Is Pseudo-Labeling possible with the fastai library?

eugeneware · January 16, 2018, 2:00pm

Hi, I’ve completed the Part 1 v1 course, and am now doing v2.

In v1 @jeremy shows how to use pseudo labeling to predict the probabilities on the test set and then incorporate them into the training data to improve results.

By using the probabilities and not just the highest class predicted, we also used a technique called “Knowledge Distillation”.

Is this possible with the fastai library? It seems that the API from_csv, for example assumes only single classes per image.

Also the pytorch loss functions such as torch.nn.NLLLoss only seem to take categorical indexes, and not tensors or one hot encodings, which is ideally what I’d like to pass as target labels.

Has anyone successfully implemented Pseudo-Labeling with fastai?

Ideally pseudo-labeling would be built into the fastai API directly as it’s a very useful tool to have, at least in the context of Kaggle Competitions!

jerimma · January 16, 2018, 7:52pm

I haven’t tried it myself but could you not just either:

save your pseudo labeled data with the other csv file?
or maybe easier, load the csv data in to an array, add the pseudo labeled data to it and use the from_array function.

Hope this helps!

Partha · January 18, 2018, 8:42am

Hello, Can you share the link to part1 v1 videos please …
Regards
Partha

jamesrequa · January 23, 2018, 1:28am

@eugeneware Yes its definitely possible to implement pseudo-labeling with fastai library.
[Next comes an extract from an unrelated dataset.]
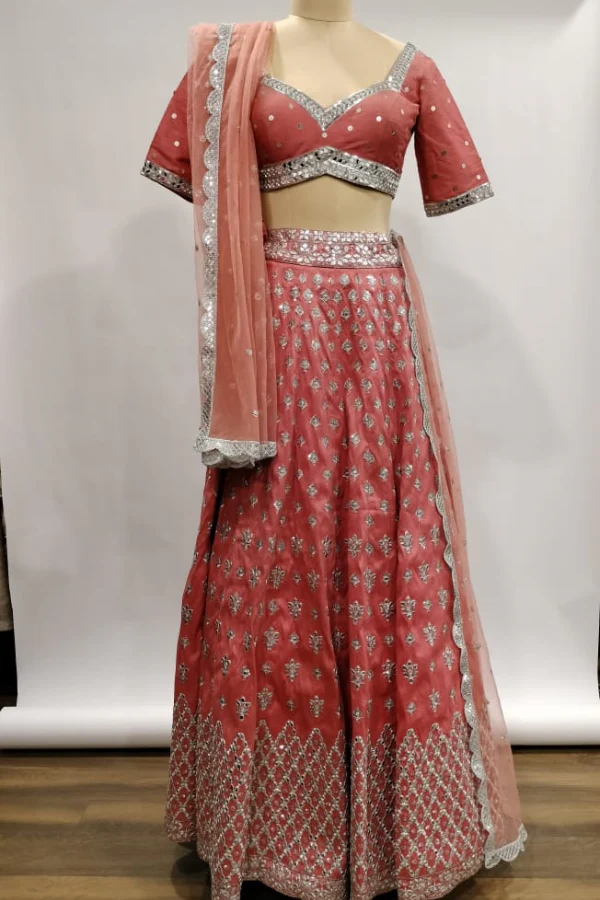 Coral zari embroidered lehenga set - Image 3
Simply put, its just a matter of combining a subset of your predictions with the training set. So you would use something like pandas to concat your predicted labels to your training labels and test images to your training images. Have all of this saved to one csv file and then point to this file using from_csv.

Do you mean multi-label and not multi-class? from_csv does support multi-label classification, you can check the planet competition (lesson 2 notebook) for how to go about doing that.